There are a lot of “cloudy” terms out there now. Is cloud-native better than cloud-based? Am I considered in the “cloud” when my application is cloud-enabled? Let’s take a closer look at the difference between cloud-native, cloud-based, and cloud-enabled to tease apart these different terms.
Cloud-native is born in the cloud. Cloud-native applications are architected from the ground up to run in a public cloud like in AWS, Azure, or GCP using cloud-based technologies. These cloud technologies allow for accessibility and scalability and allow developers to continue to deliver new services more quickly and easily. Cloud-native is comprised of continuous integration, orchestrators, and container engines. Ultimately, it’s about how applications are created and deployed.
Cloud-native is a new way of architecting our applications and infrastructure; we’re breaking services into smaller and smaller pieces and reusing services wherever possible. We’re deploying our apps and infrastructure in someone else’s data center, so we have to always be thinking about failure. Having this mindset allows us to deploy new, flexible, resilient, cloud-native applications.
Cloud-based is the middle ground between cloud-native and cloud-enabled. If you want to leverage some of the capabilities of the cloud such as higher availability and scalability, but don’t want to completely redesign your application to use cloud services, this may be an approach to consider. For example, if you move your in-house web application to AWS or Azure servers, you now have a “cloud-based” application.
Once you move your application to a cloud provider, you’re no longer responsible for managing the resources for the application, so there’s no need to maintain a server or worry about backup. You also just pay for what you use. The biggest advantage of moving an application to the cloud is enabling it to quickly scale up to meet surges in demand and increase your application availability.

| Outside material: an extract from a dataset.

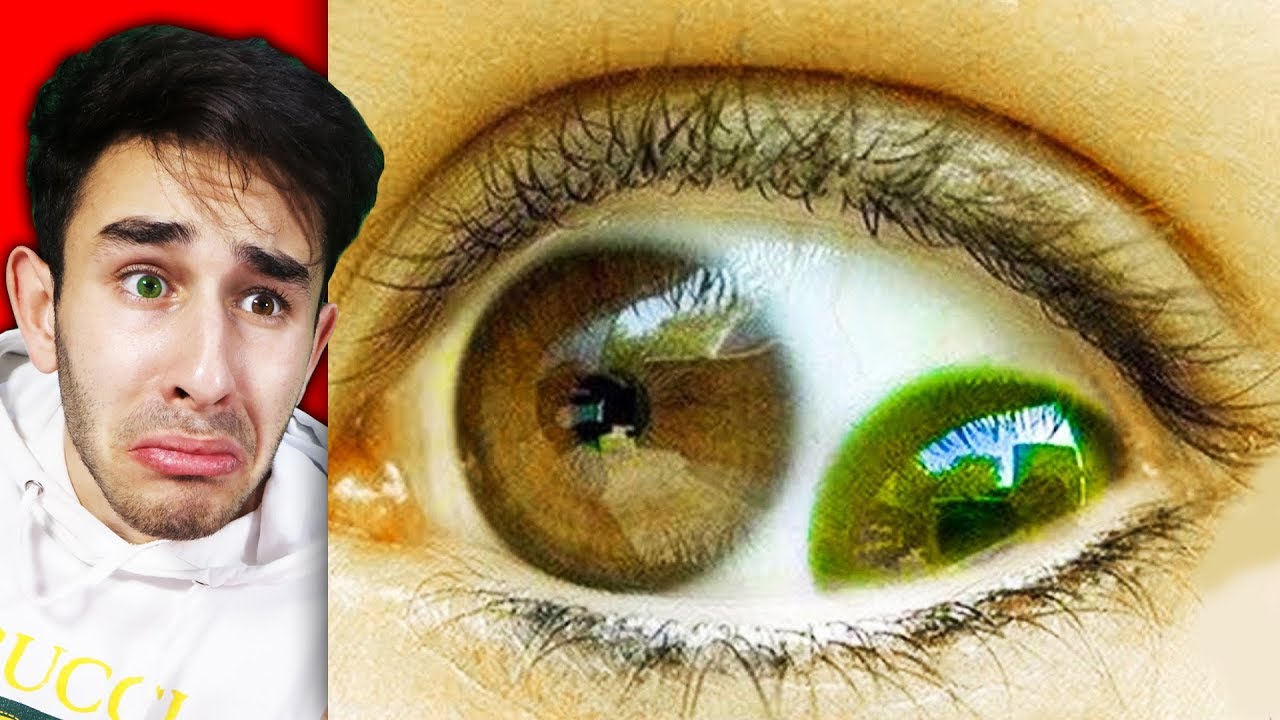 חלקי גוף הזויים שלא תאמינו שקיימים אצלכם בגוף!?!?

Cloud-enabled usually refers to applications built traditionally and then migrated to the cloud. These applications were originally designed in a monolithic fashion and depend on local resources and hardware. In the migration of the application to the cloud, the application is refactored to use virtual resources, but the underlying architecture remains the same. The application cannot take advantage of shared services or resource pools and as a result struggles to deliver the scalability and resiliency of other cloud applications.
Cloud enabled can be an approach for legacy applications or as the first step towards cloud adoption.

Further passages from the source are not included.